This is a bit misleading. Quotient and modulo with constant right-hand side is r...

Someone · 2024-07-16T22:18:56 1721168336

> Quotient and modulo with a variable RHS is expensive

For dividing ‘big’ bignums by ‘small’ divisors, I would use/tweak libdivide (https://libdivide.com/), and spend the time to optimize the division.

For dividing ‘big’ bignums by ‘big’ divisors, that may not be worth it.

(Determining the correct values of the various ‘big’ and ‘small’ values left as an exercise for the reader. Those will depend on the hardware at hand)

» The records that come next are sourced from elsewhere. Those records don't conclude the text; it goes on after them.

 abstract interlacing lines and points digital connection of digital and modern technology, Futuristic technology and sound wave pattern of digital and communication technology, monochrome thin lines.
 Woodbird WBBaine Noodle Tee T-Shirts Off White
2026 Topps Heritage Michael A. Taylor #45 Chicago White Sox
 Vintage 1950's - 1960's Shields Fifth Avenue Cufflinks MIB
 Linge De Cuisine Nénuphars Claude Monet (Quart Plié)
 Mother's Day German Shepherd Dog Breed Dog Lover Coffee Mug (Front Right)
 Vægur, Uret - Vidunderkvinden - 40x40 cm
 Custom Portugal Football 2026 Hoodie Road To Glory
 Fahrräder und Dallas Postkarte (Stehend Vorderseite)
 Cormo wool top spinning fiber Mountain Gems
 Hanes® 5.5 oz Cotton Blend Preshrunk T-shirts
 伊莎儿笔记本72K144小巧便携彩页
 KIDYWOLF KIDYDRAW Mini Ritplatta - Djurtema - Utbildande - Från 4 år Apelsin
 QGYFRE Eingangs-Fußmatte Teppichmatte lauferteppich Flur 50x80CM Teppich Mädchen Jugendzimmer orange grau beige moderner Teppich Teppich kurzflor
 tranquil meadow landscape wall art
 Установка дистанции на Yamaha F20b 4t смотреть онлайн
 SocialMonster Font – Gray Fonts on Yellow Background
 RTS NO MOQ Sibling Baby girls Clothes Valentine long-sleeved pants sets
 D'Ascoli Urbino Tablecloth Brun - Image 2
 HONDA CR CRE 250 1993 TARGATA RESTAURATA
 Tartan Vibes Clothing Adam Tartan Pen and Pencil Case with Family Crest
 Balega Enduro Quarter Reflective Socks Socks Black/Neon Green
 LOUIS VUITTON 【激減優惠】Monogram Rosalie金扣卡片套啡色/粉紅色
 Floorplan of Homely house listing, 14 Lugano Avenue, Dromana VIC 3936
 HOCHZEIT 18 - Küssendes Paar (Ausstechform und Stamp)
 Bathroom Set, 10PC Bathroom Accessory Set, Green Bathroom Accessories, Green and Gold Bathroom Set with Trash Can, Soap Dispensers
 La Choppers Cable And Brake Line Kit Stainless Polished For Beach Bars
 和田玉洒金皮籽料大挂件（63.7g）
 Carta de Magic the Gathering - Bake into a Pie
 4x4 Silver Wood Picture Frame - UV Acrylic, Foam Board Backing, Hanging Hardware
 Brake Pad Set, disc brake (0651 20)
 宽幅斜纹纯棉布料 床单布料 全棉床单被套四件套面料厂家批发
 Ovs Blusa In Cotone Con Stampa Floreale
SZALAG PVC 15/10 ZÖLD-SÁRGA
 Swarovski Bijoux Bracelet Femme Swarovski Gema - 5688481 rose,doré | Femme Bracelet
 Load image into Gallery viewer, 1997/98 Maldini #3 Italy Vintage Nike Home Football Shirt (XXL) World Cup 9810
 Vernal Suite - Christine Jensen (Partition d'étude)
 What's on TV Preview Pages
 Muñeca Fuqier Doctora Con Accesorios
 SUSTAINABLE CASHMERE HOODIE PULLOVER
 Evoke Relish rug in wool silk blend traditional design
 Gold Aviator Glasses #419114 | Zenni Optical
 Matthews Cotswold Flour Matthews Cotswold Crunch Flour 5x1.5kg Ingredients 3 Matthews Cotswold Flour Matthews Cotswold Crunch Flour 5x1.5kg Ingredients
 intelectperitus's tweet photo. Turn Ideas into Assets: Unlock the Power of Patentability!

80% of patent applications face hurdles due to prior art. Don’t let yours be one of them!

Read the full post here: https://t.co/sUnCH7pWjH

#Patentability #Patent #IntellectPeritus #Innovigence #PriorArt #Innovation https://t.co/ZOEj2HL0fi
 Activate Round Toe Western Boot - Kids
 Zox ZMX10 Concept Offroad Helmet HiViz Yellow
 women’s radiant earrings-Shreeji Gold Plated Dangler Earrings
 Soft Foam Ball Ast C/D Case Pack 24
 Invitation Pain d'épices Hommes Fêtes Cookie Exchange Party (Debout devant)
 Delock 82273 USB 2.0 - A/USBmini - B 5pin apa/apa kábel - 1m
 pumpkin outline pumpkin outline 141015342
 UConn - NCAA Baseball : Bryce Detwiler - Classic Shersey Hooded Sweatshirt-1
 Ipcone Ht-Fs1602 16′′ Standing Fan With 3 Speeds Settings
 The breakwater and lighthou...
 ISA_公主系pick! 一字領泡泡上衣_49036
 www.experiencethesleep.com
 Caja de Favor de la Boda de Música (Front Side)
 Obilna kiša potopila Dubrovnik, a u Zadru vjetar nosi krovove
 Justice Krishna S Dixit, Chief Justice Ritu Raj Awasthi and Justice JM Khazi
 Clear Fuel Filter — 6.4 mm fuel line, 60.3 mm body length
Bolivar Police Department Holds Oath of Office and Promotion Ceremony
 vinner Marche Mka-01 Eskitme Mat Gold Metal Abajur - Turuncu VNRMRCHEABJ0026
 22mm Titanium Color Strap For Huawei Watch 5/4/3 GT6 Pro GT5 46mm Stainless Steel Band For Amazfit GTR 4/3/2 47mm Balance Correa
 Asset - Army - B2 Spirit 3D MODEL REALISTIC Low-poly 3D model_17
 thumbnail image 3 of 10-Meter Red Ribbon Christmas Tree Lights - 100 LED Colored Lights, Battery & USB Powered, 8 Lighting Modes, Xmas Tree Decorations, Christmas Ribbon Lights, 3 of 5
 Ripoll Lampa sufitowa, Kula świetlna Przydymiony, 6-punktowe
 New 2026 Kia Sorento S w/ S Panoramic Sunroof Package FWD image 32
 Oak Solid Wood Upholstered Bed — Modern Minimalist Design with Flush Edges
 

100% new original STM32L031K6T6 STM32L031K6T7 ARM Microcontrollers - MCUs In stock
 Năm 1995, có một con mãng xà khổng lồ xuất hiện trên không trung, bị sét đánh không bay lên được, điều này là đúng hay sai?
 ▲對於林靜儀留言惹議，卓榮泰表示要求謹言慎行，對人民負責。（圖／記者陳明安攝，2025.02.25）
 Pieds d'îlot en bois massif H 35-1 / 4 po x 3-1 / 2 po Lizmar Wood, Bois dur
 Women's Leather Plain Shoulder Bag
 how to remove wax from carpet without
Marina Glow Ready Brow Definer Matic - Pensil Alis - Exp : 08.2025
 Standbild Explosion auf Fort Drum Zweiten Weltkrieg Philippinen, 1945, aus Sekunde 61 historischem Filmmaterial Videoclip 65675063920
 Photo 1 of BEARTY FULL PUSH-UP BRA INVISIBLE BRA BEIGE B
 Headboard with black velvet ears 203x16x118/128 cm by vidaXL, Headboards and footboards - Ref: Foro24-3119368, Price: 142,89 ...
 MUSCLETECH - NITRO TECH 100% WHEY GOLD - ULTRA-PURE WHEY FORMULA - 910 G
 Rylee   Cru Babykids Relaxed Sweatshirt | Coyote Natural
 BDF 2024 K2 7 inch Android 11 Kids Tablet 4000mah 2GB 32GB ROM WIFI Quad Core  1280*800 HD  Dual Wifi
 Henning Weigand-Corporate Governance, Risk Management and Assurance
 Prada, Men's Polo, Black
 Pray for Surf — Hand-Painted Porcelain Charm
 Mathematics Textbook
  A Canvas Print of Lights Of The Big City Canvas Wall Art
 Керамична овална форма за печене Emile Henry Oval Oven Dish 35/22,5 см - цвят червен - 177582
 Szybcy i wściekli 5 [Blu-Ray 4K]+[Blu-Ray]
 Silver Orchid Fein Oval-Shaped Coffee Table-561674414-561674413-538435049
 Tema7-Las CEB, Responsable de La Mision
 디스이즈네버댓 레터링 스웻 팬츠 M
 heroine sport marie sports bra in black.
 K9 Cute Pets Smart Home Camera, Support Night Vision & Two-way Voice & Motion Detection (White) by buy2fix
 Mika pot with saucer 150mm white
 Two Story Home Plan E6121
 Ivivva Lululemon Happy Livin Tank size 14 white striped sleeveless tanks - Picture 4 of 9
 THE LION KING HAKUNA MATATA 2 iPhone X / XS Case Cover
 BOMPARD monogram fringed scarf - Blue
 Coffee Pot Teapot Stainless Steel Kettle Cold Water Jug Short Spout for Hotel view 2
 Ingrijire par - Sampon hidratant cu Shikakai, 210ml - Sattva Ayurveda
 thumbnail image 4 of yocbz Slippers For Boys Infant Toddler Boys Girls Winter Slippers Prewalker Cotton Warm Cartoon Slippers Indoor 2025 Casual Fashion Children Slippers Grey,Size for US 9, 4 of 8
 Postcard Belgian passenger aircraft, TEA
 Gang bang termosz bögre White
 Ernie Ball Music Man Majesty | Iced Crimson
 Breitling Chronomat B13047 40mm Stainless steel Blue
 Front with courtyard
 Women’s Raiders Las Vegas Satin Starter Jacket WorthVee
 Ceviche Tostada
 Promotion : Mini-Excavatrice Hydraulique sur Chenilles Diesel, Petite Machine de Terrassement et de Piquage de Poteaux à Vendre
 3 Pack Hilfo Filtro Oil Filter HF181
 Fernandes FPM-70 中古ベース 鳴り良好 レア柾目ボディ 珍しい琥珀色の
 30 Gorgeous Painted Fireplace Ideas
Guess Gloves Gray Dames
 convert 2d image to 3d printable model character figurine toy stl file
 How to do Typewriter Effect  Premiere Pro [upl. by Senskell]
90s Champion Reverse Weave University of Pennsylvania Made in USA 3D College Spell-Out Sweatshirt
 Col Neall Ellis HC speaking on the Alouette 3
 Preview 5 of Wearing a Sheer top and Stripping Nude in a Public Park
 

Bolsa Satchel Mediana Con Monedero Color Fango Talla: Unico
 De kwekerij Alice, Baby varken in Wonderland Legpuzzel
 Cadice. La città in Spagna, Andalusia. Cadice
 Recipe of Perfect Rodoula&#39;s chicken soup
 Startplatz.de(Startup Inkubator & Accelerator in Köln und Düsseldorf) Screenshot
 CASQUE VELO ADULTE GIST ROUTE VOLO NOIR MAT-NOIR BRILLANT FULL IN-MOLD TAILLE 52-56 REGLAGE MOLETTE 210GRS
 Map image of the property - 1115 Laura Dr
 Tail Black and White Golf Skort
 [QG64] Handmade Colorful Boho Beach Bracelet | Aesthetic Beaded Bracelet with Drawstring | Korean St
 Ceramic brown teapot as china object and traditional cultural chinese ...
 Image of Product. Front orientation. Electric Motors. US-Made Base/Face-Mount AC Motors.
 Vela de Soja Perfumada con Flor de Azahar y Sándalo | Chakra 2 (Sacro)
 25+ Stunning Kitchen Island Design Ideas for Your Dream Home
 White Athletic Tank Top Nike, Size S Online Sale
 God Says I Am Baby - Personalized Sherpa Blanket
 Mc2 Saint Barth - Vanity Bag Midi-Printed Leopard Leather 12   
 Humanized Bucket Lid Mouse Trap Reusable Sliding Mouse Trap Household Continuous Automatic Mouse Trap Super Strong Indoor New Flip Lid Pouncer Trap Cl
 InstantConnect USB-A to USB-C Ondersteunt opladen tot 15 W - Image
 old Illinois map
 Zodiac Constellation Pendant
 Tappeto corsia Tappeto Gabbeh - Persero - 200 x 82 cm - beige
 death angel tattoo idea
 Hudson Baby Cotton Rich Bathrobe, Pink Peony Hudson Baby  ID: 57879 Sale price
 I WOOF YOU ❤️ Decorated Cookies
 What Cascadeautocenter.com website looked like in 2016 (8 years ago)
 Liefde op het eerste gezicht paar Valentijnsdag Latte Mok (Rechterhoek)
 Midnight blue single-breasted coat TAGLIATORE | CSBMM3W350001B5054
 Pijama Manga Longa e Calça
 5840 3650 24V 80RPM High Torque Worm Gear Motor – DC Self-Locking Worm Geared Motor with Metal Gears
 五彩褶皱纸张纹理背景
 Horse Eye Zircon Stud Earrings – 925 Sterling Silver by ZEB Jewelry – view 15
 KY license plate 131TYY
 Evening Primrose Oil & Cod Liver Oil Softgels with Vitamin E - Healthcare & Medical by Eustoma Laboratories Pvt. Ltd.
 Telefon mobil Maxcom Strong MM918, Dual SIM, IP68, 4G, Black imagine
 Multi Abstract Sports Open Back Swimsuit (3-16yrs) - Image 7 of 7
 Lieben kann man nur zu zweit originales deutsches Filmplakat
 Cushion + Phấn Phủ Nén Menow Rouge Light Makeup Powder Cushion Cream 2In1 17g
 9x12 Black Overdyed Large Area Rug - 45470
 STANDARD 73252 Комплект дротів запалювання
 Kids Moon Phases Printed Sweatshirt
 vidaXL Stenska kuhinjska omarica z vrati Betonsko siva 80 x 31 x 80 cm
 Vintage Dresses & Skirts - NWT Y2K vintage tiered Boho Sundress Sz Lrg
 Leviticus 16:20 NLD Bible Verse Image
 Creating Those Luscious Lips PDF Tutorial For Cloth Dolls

anonymoushn · 2024-07-17T00:08:46 1721174926

The oldish version of gcc used by highload.fun seems to stop performing this optimization after the 5th or so constant divisor within a small function body. Always good to double check :(

worstspotgain · 2024-07-16T22:19:39 1721168379

The reason a division by 1000000 can be efficiently turned into a multiplication is because you're targeting a system that has a 32x32->64 multiplication instruction, which has plenty of room to spare. But if you have that, you would be better off using e.g. 2^32 as your modulo.

colonwqbang · 2024-07-17T21:06:23 1721250383

I agree that 2^32 is better, but the reason is not that division is too expensive because OPs algorithm after standard optimisation does not need any division.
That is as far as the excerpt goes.